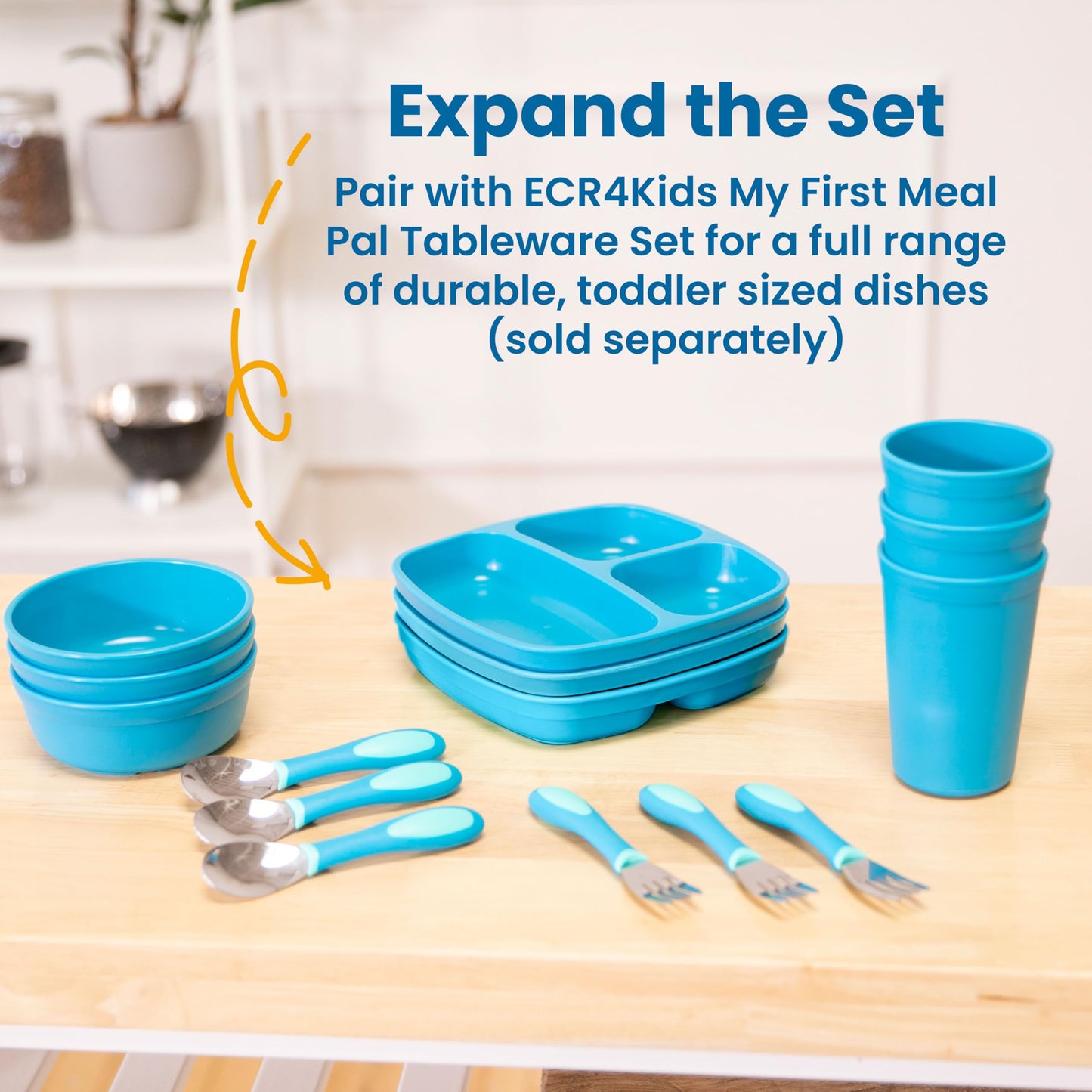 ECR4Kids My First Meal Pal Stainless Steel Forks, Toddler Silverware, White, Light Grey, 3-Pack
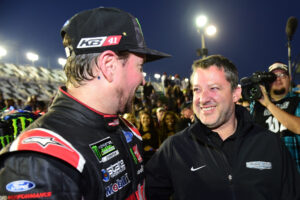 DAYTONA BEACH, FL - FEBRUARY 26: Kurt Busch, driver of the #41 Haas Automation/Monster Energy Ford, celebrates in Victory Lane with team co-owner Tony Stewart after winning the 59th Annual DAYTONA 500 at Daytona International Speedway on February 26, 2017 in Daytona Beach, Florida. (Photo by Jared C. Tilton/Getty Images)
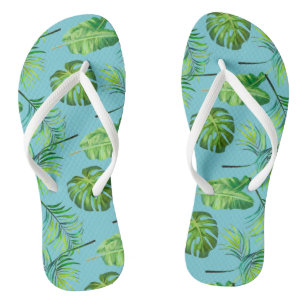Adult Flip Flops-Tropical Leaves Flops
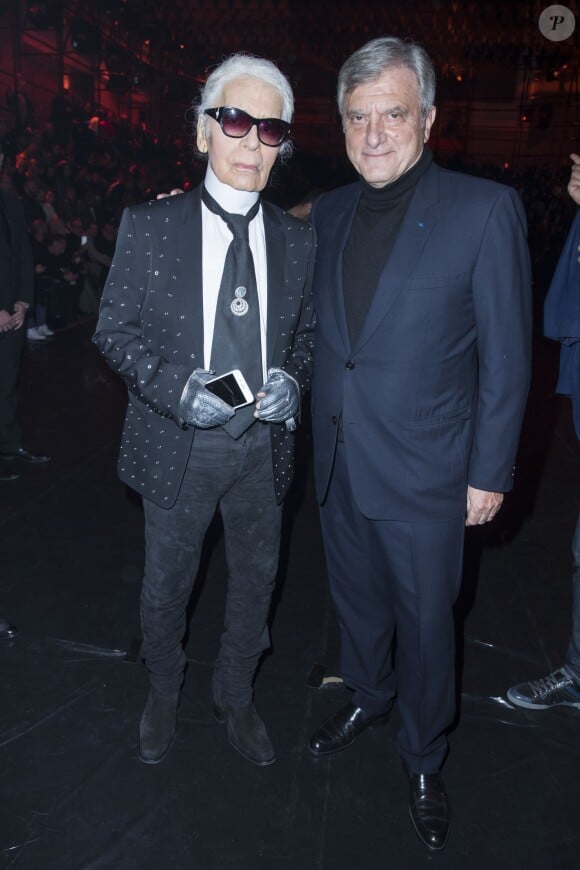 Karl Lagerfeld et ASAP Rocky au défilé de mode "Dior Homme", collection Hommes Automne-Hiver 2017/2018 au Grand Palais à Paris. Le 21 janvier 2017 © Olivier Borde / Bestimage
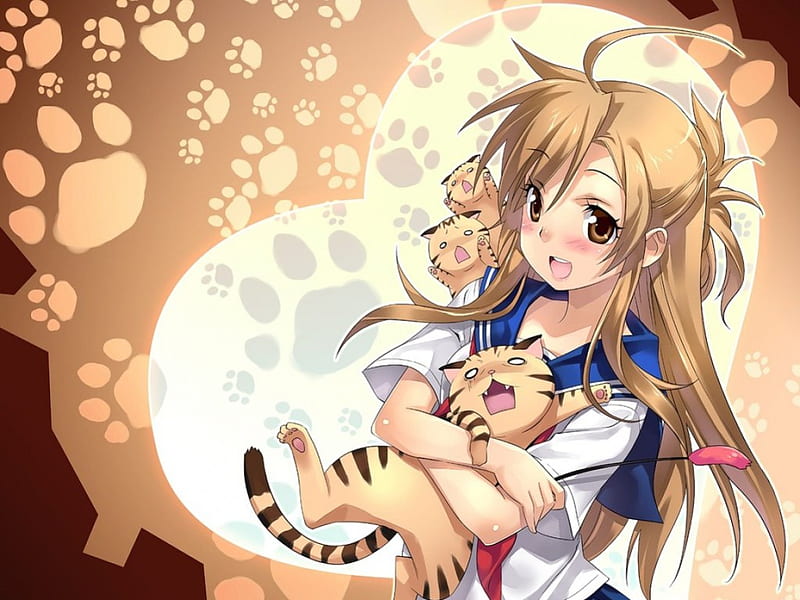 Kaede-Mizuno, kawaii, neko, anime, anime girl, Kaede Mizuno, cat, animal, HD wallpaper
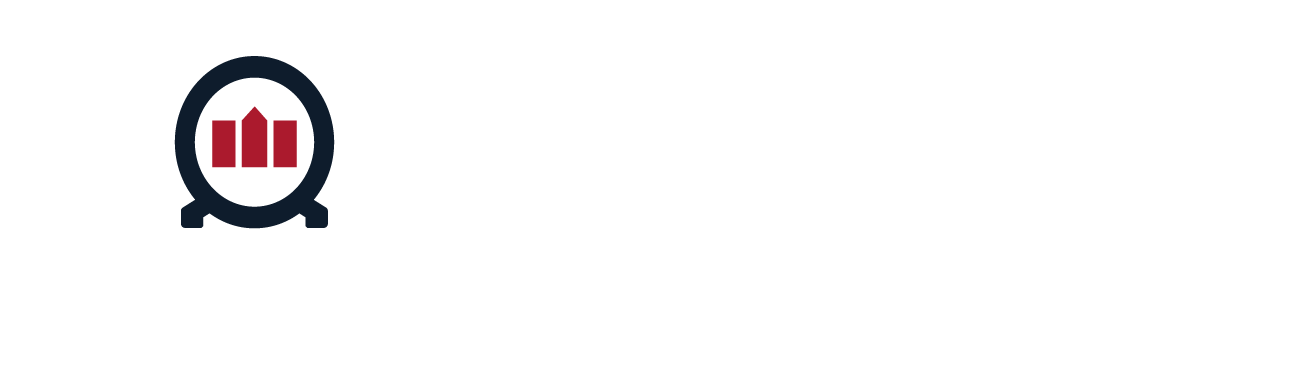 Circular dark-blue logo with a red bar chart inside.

----

| Your assignment |
Retype all of the listing word for word and skip the pictures.

| Exercise result |
 ECR4Kids My First Meal Pal Stainless Steel Forks, Toddler Silverware, White, Light Grey, 3-Pack
 DAYTONA BEACH, FL - FEBRUARY 26: Kurt Busch, driver of the #41 Haas Automation/Monster Energy Ford, celebrates in Victory Lane with team co-owner Tony Stewart after winning the 59th Annual DAYTONA 500 at Daytona International Speedway on February 26, 2017 in Daytona Beach, Florida. (Photo by Jared C. Tilton/Getty Images)
Adult Flip Flops-Tropical Leaves Flops
 Karl Lagerfeld et ASAP Rocky au défilé de mode "Dior Homme", collection Hommes Automne-Hiver 2017/2018 au Grand Palais à Paris. Le 21 janvier 2017 © Olivier Borde / Bestimage
 Kaede-Mizuno, kawaii, neko, anime, anime girl, Kaede Mizuno, cat, animal, HD wallpaper
 Circular dark-blue logo with a red bar chart inside.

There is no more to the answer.